* **SUPPLIED DATA**
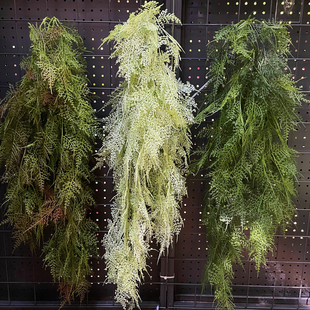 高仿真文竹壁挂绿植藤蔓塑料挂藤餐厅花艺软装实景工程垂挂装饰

--

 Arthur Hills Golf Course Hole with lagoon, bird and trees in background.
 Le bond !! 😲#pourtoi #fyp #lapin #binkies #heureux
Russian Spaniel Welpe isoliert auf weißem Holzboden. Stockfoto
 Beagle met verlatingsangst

==

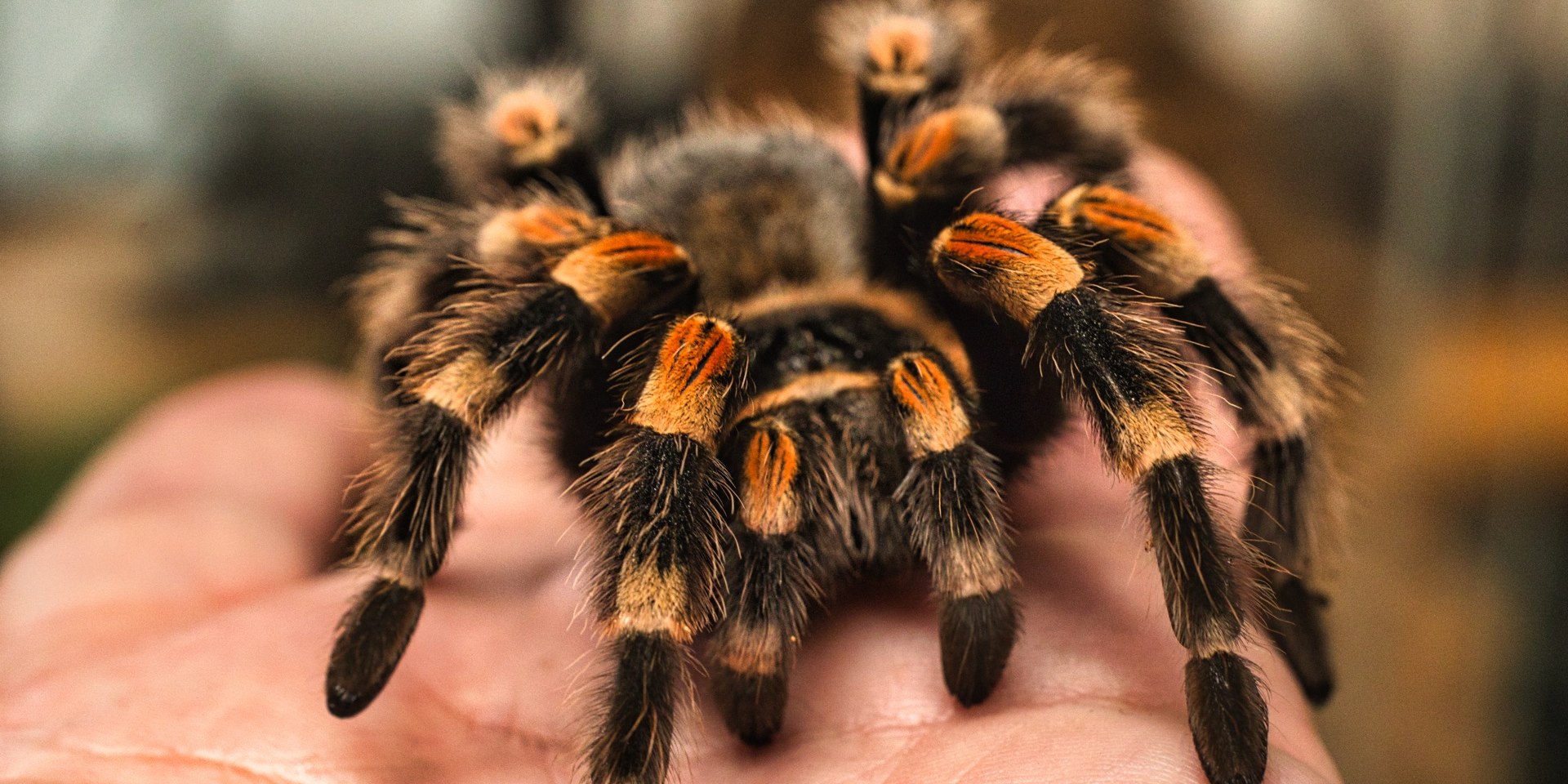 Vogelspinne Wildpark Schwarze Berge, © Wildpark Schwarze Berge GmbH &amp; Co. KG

* **AIM OF THE TASK**
Copy out each line of the data above, exactly, if it lies between the line holding "Russian Spaniel Welpe" and the line holding "Beagle met verlatingsangst", inclusive; copy no other line.

* **WRITTEN REPLY**
Russian Spaniel Welpe isoliert auf weißem Holzboden. Stockfoto
 Beagle met verlatingsangst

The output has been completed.